Handel

Unermüdlich kämpfen die Beschäftigten für Tarifbindung bei Amazon

„Nikolaus Streiktag“ bei Amazon – Beschäftigte fordern existenzsichernde Tarifverträge

Unermüdlich kämpfen die Beschäftigten für Tarifbindung bei Amazon

Im Kampf um existenzsichernde Arbeitsbedingungen und gegen die drohende Altersarmut durch Tarifverträge bei Amazon, wurden die Beschäftigten am Amazon Standort in Graben bei Augsburg am Montag, den 4.12.2017 mit Beginn der Nachtschicht erneut zum Streik aufgerufen. Gerade im Kampf um gute und gesunde Arbeit sind diese existenzsichernden Tarifverträge ein zentraler Schritt. Kurz vor dem Nikolaustag wollen die Beschäftigten wieder auf sich aufmerksam machen.
„Die Beschäftigten bei Amazon sind genau diejenigen, die im Alter von der Altersarmut betroffen sind und, dass Amazon nach wie vor Tarifverhandlungen ablehnt, ist schon frech. Höhere Einkommen z.B. durch tarifliches Urlaubs- und Weihnachtsgeld sind für die Amazonbeschäftigten heute schon von Bedeutung. Zentral ist, dass solche tarifvertraglichen Leistungen ein wichtiger Schritt gegen die drohende Altersarmut darstellt“, erklärte Thomas Gürlebeck, ver.di Streikleiter in Graben.
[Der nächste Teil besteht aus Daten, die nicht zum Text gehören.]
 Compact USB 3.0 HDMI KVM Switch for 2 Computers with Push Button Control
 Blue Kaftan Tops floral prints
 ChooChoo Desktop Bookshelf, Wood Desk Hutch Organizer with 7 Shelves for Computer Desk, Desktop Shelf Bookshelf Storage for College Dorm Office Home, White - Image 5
„Weihnachten ist nicht nur für den Einzelhandel oder Amazon wichtig. Auch für die Beschäftigten und ihre Familien ist Weihnachten ein kurzer Zeitraum der Erholung und Besinnung. Allerdings ist Weihnachtsgeld für die meisten Beschäftigten nicht zum Geschenke kaufen da, sondern sie brauchen es für lange aufgeschobene Zahlungen wie Brille, Zahnarzt oder Versicherungen. Deshalb wäre tariflich abgesichertes Weihnachtsgeld auch für die Amazonbeschäftigten so wichtig. Und für den hervorragenden Job, den sie tagtäglich machen, auch mehr als verdient“, erklärte Thomas Gürlebeck, ver.di Streikleiter in Graben.
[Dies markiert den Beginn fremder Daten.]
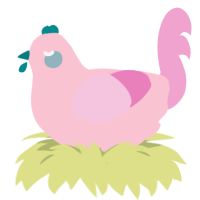 Ee, a rose and pink chicken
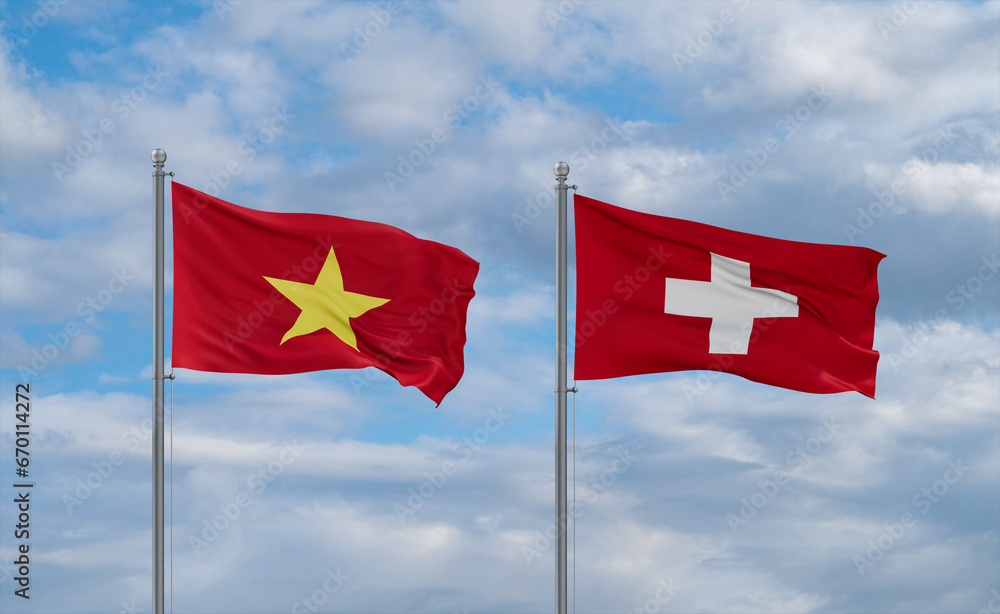 Switzerland and Vietnam flags, country relationship concept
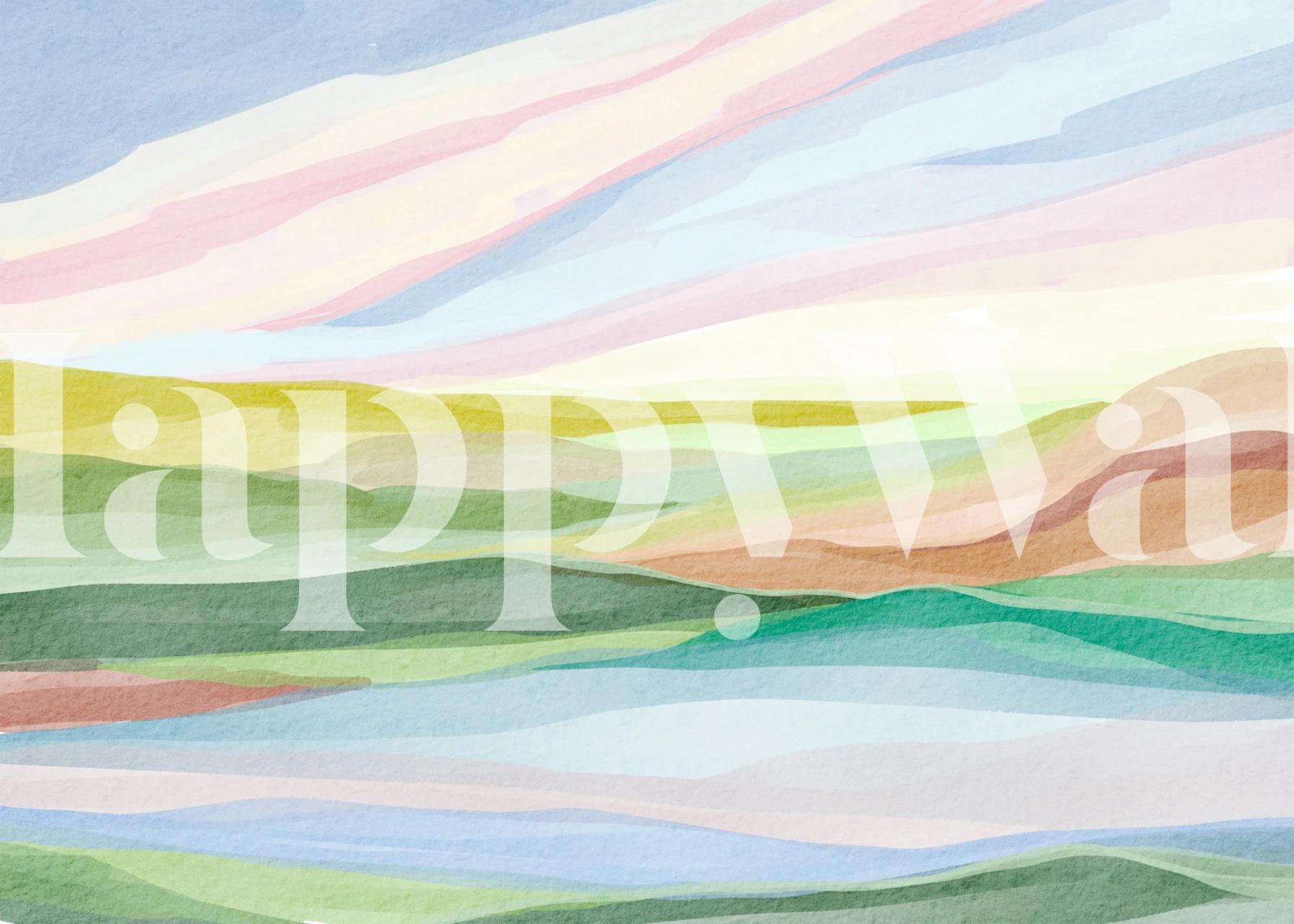 Dreamy Rolling Hills Pastels wallpaper in a room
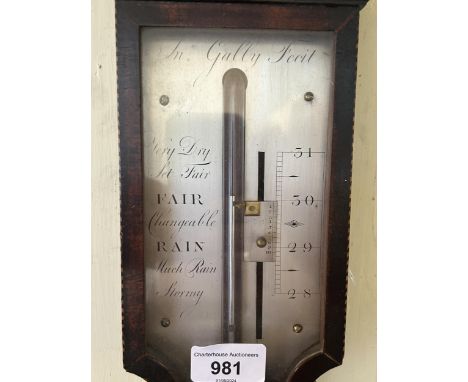 A 19th century mahohany stick barometer, the silver register signed Jno Gally Fecit 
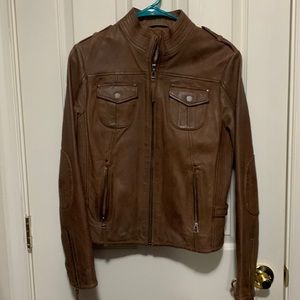Brown sheepskin leather jacket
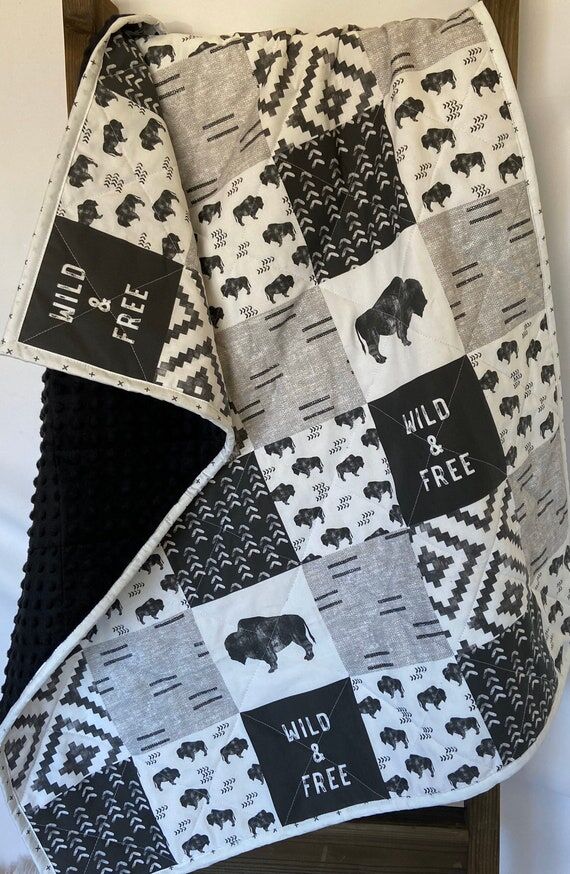 Modern Baby Quilt: Wild and Free Monochrome C...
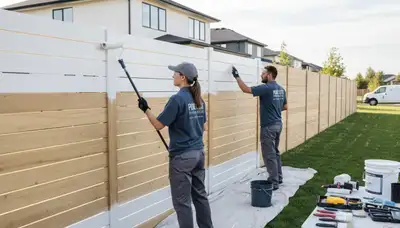 Professional fence painters in Saint Louis, MO applying durable outdoor paint for long-lasting protection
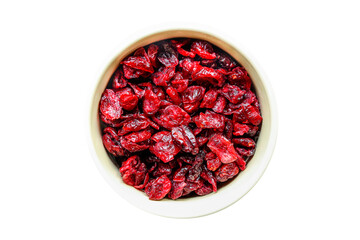 dried cherry or cranberry sweet berries harvesting Menu concept serving size. food background top view copy space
„Der Kampf um existenzsichernde Tarifverträge bei Amazon hat nicht nur elementare Bedeutung für die Beschäftigten bei Amazon selbst, sondern für den gesamten Einzelhandel. Wenn transnationale Konzerne sich Wettbewerbsvorteile auf dem Rücken der Beschäftigten verschaffen, heizt dies den ruinösen Verdrängungswettbewerb im Handel noch weiter an“, so Hubert Thiermeyer, Leiter in ver.di für den Handel in Bayern.
Die Beschäftigten wurden am 4.12.2017 ab 22:00 Uhr in den Ausstand aufgerufen. Am Dienstag, den 5.12.2017 um 7:00 versammelten sich die Streikenden vor dem Lagereingang zu einer Streikkundgebung mit dem Motto: “Auch wenn es Amazon nicht mag, uns gibt es nur mit Tarifvertrag!“.